I’m also studying Criminology and Forensics Biology and Toxicology at Murdoch. Criminology really excited me because I enjoy finding the reasoning and understanding of why and how crimes are committed, along with the science used to come to that conclusion. I’ve just finished my first year and I’m loving it. I can’t wait to get into the field.
I’ve also recently gotten into scuba-diving. I’ve started diving with my cousin and exploring the Swan River and the ocean, often at night which is exhilarating and a good way to get the adrenaline going! It’s amazing to see such a different perspective of the ocean in comparison to when I’m racing.
Hopefully I’ll also be able to travel soon, there are so many places I would love to visit and there are numerous open water swimming events throughout exotic areas of the world.”
How do you prepare for your competitions?
Cullinane – “To prepare for my races, I usually have a big carb-filled dinner the night before. Usually something like a big bowl of pasta. When we go to nationals, it is crucial that we all eat garlic bread with dinner every night as well!
Often when I’m feeling nervous, I’ll put on a good action film, or I’ll watch the open water swimming episode of Off the Blocks. This is a US documentary style YouTube channel, created by Swimming USA.
They interview different swimmers from the US and they talk about their experiences and what they’re focusing on. The open water swimming episode interviews stars Hayley Anderson and Jordan Wilimovsky. Everything they say has been really inspiring to me and I was lucky enough to meet Hayley at the 2020 Australian Open Water Championships in Adelaide.”
What advice would you give other open water swimmers?
Cullinane – “Some advice for anyone who is looking at going into open water swimming or is trying to, I would say give it your best shot. Don’t be afraid of giving it a go.
I’ve seen so many swimmers decide not to do open water swimming because they think it would be too hard, too long or they just don’t want to swim in the ocean.

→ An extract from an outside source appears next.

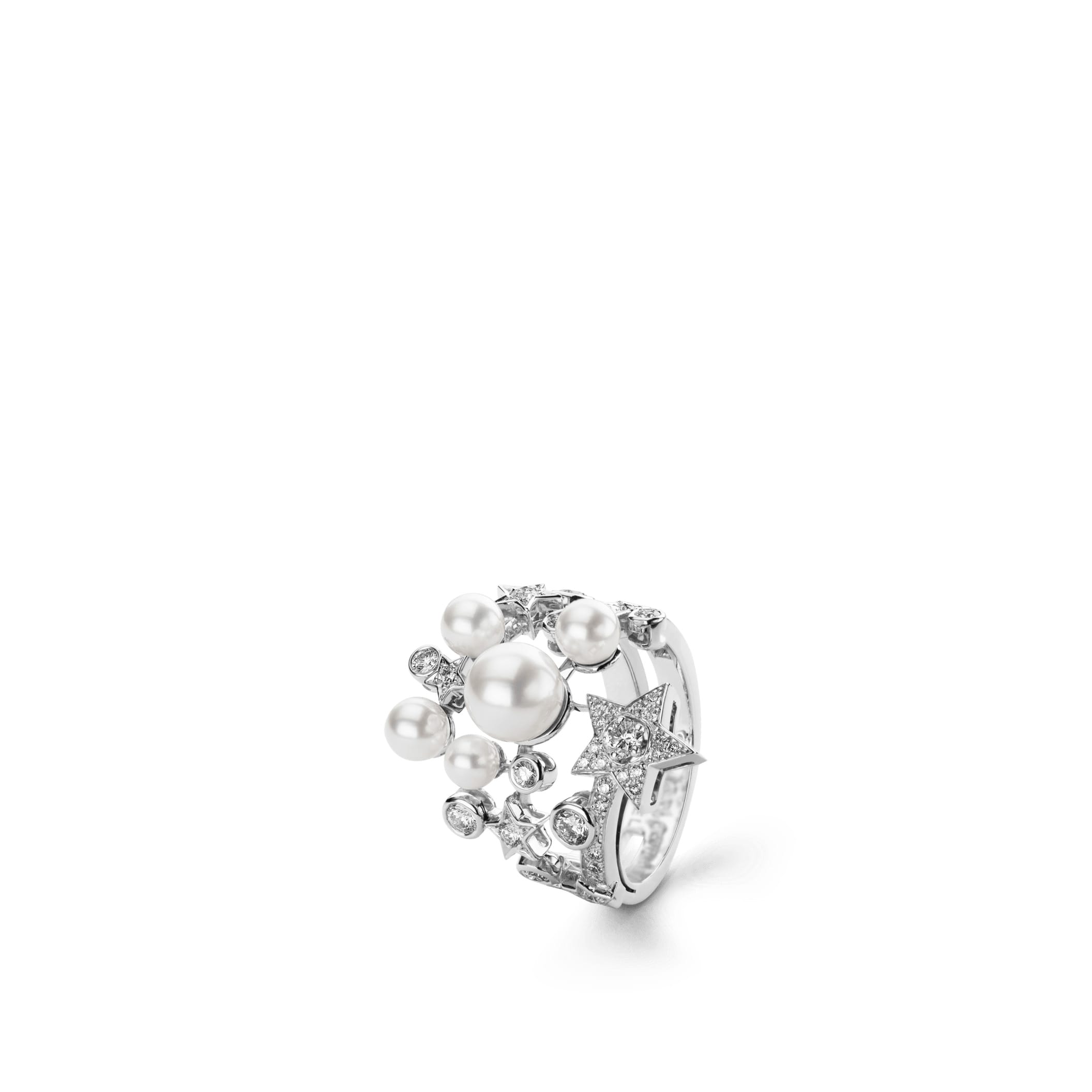 Comete Perlee chanel dupes ring 18K white gold diamonds cultured pearls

Yes, sometimes the ocean can be unpredictable and uncontrollable, but that’s what makes it so much more fun!
You can use the weather to your advantage. So many elements are at play that require more than one race plan and you have to adapt to what the day brings.
Finding a good supportive network of other swimmers within training or racing is also beneficial. They don’t have to be in your club, it’s more just having people to see and chat to before and after events and anyone who can potentially help you out with your swim.
Another tip I recommend is when you start doing 7.5 km and up in open water events, make sure you test and perfect your feeds before your first race. There’s nothing worse than trying to feed on race day and it’s just not working or settling in your stomach. Test out what feeds or liquids work best for you in training then implement those on race day.”